Plus des trois quarts de ceux qui sont rentrés au pays ont cité la crainte d’être arrêtés comme raison de leur départ du Pakistan.
« Nous nous demandons aux autorités pakistanaises de continuer à fournir une protection à ceux qui en ont besoin et de veiller à ce que tout retour futur se fasse dans la sécurité, la dignité et le volontariat, et soit pleinement conforme au droit international », a ajouté Mme Shamdasani.
Les services du Haut-Commissaire Türk pensent que beaucoup de ceux qui risquent d’être expulsés seront gravement exposés à des violations des droits de l’homme s’ils sont renvoyés en Afghanistan. Il s’agit notamment à des arrestations et détentions arbitraires, à la torture et à d’autres traitements cruels et inhumains.
Les femmes, les journalistes et les activistes particulièrement exposés
Parmi les personnes particulièrement exposées, le HCDH cite les militants de la société civile, les journalistes, les défenseurs des droits de l’homme, les anciens fonctionnaires et membres des forces de sécurité, et bien sûr les femmes et les filles dans leur ensemble, qui, « en raison des politiques odieuses actuellement en place en Afghanistan, sont interdites d’enseignement secondaire et supérieur, de travail dans de nombreux secteurs et d’autres aspects de la vie quotidienne et publique ».
De plus, à l’approche de l’hiver, toute déportation massive ne peut qu’aggraver la grave crise humanitaire qui frappe l’Afghanistan, confronté aux effets dévastateurs d’une série de tremblements de terre qui ont frappé la province d’Herat ce mois-ci, faisant au moins 1.400 morts et 1.800 blessés, selon les chiffres officiels.
Près de 30 millions de personnes ont actuellement besoin d’une aide humanitaire en Afghanistan - sur une population de 43 millions d’habitants - et 3,3 millions sont déplacées à l’intérieur du pays, selon le Bureau de la Coordination humanitaire de l’ONU (OCHA).
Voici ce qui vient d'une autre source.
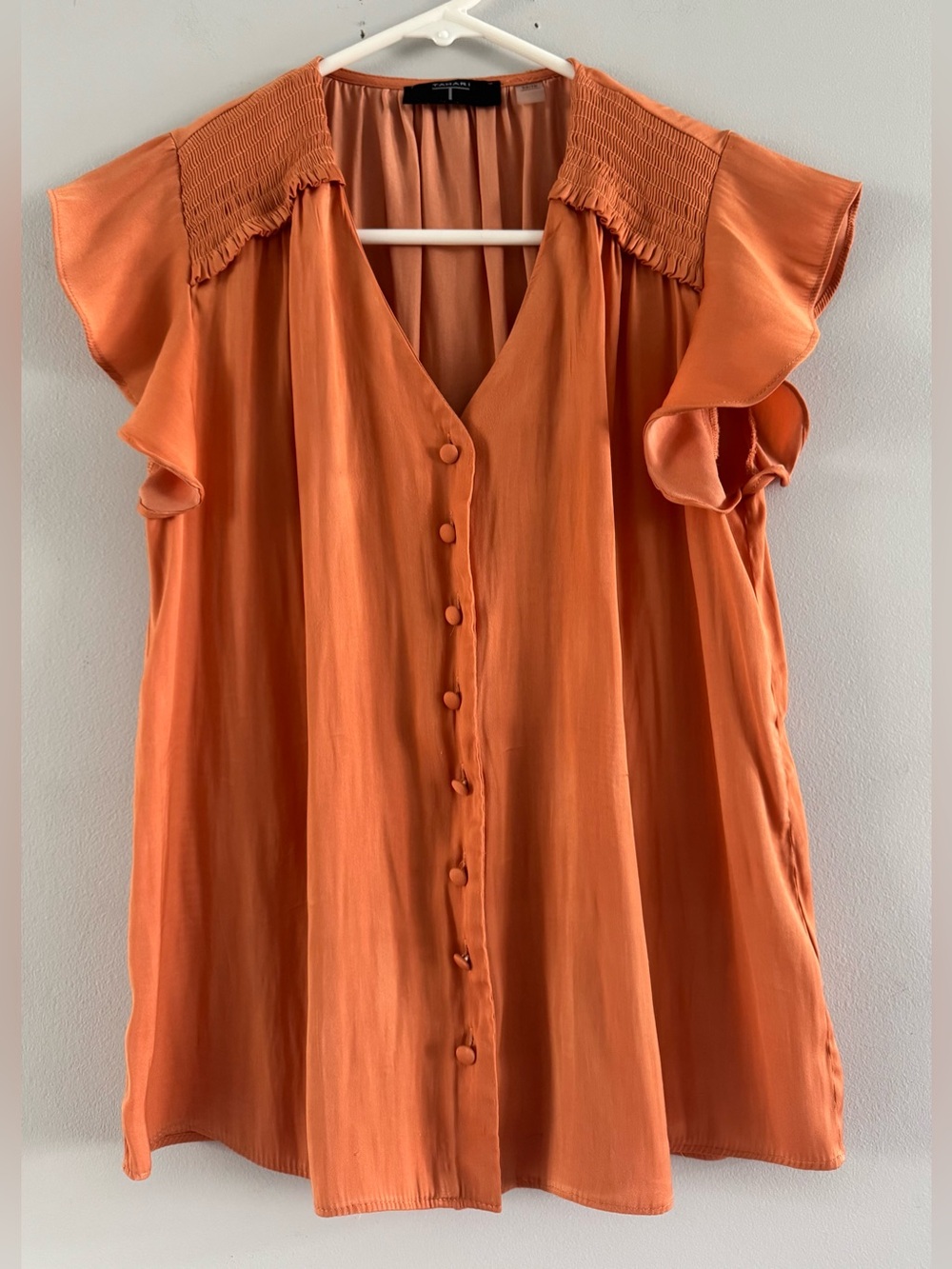 Tahari XS Peachy Burnt Orange Flutter Sleeve Button Front Blouse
« Les déportations sans détermination individuelle des circonstances personnelles, y compris les déportations massives, équivaudraient à un refoulement en violation du droit international des droits de l’homme, en particulier de la Convention contre la torture et autres peines ou traitements cruels, inhumains ou dégradants, à laquelle le Pakistan est un État partie, et du droit international des réfugiés », a conclu la porte-parole du Bureau des droits de l’homme de l’ONU.